*Supplied information*:

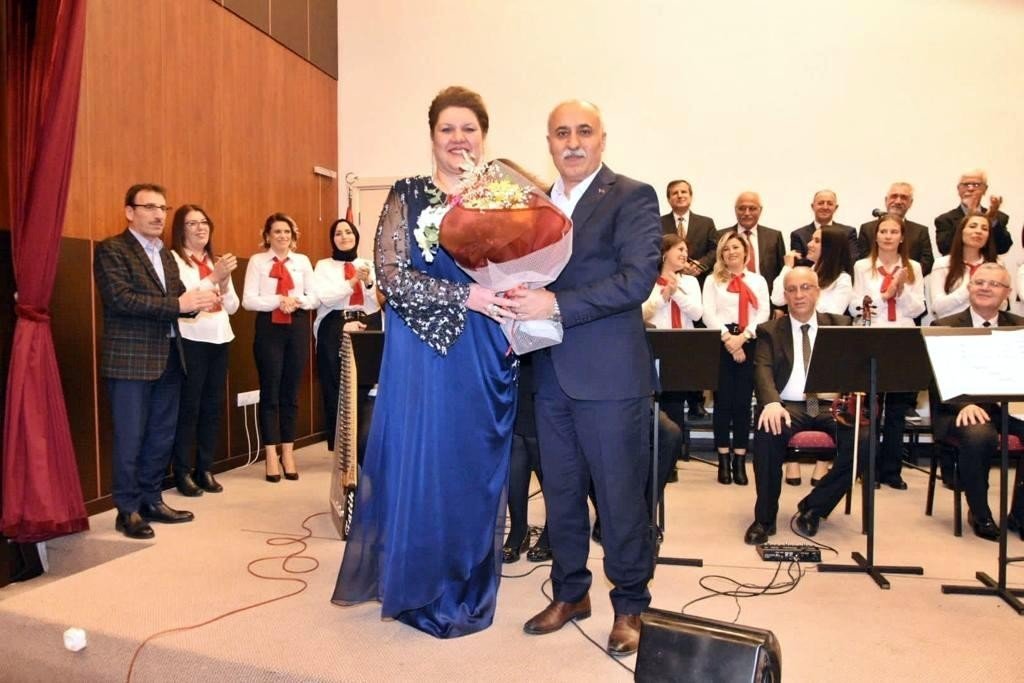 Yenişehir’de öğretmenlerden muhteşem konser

...

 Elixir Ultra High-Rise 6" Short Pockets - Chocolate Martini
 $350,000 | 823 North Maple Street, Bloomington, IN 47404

*Work to complete*:
Exact duplication is required for the lines above, from the line that contains "Elixir Ultra High-Rise" to the line that contains "Bloomington, IN 47404", inclusive; omit all others.

*Problem solution*:
 Elixir Ultra High-Rise 6" Short Pockets - Chocolate Martini
 $350,000 | 823 North Maple Street, Bloomington, IN 47404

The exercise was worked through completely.